3. Allow Empty Tables
- What It Is: Decides whether to create a staging table if the data source returns no data.
- Why It Matters:
- Yes: Creates an empty table, which may prevent errors in downstream processes expecting the table.
- No: Skips table creation, which can save resources if the absence of data is acceptable.
- Best Practices:
- Set to Yes if downstream processes require the table’s existence.
- Set to No to avoid unnecessary empty tables.
4. Destination Table
- What It Is: The name of the staging table where data will be loaded in ReadyWorks.
- Why It Matters: It’s the table you’ll reference in data mappings and other processes.
- Best Practices:
- Ensure the name is unique and descriptive.
- Match the naming convention used in your organization.
5. Data Identity
- What It Is: An identifier used when dealing with multiple data sources or environments.

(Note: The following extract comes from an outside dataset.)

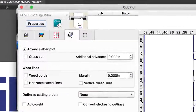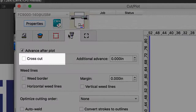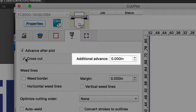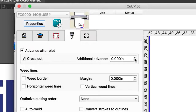When using Cutting Master 4 or GrafTech Studio Plus, the crosscutter can be enabled by a checkbox. When enabled, it will automatically crosscut at the end of each job. It also allows you to set the amount of distance the media will feed before crosscutting, and once again this is all done automatically.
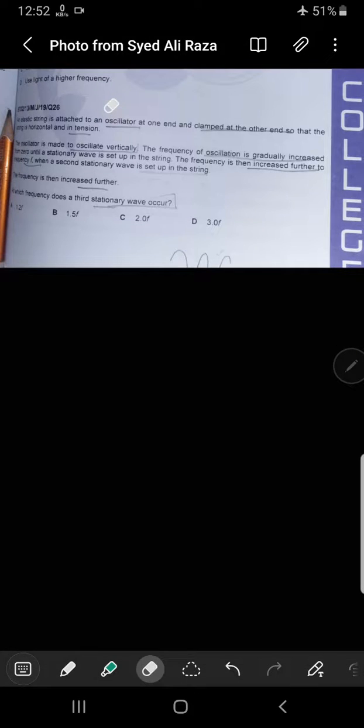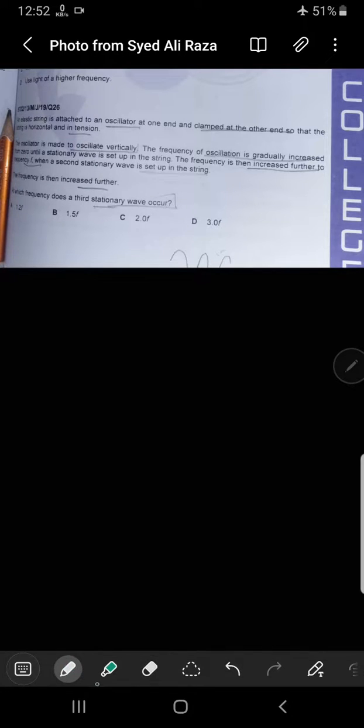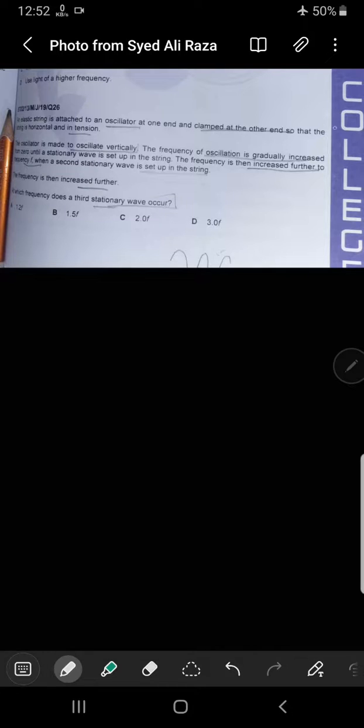Bismillah rahman rahim. The question is from June 2019 paper 13, question 26. An elastic string is attached to an oscillator at one end and clamped at the other end so that the string is horizontal and in tension.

- Why It Matters: Helps distinguish between data from different sources or environments (e.g., production vs. test).
- Best Practices:
- Keep it the same as the destination table unless you have multiple data sources.
6. Job Schedule
- What It Is: Specifies when the job runs—Hourly, Daily, or Weekly.
- Why It Matters: Aligns data imports with your organization’s data refresh needs.
- Best Practices:
- Hourly: For frequently changing data requiring constant updates.
- Daily: For data that changes daily or doesn’t need immediate updates.
- Weekly: For static data or data that doesn’t change often.
7. Order
- What It Is: Defines the execution order of jobs with the same schedule.
- Why It Matters: Ensures jobs run in a specific sequence, especially when one job depends on the output of another.
- Best Practices:
- Assign lower numbers to higher-priority jobs.
- Adjust order numbers to manage dependencies.
8. Fields to Index
- What It Is: Lists columns to index in the staging table for faster data retrieval.
- Why It Matters: Improves performance during data mapping and querying.
- Best Practices:
- Index columns frequently used in joins or filters.
- Separate multiple columns with commas (e.g., “ComputerName, SerialNumber”).
9. Data Selection (SQL Query)
- What It Is: The SQL query or command that extracts data from the source.
- Why It Matters: Defines the actual data retrieved and loaded into ReadyWorks.
- Best Practices:
- Write efficient queries that only select necessary data.
- Test queries in a SQL editor before using them in the ETL job.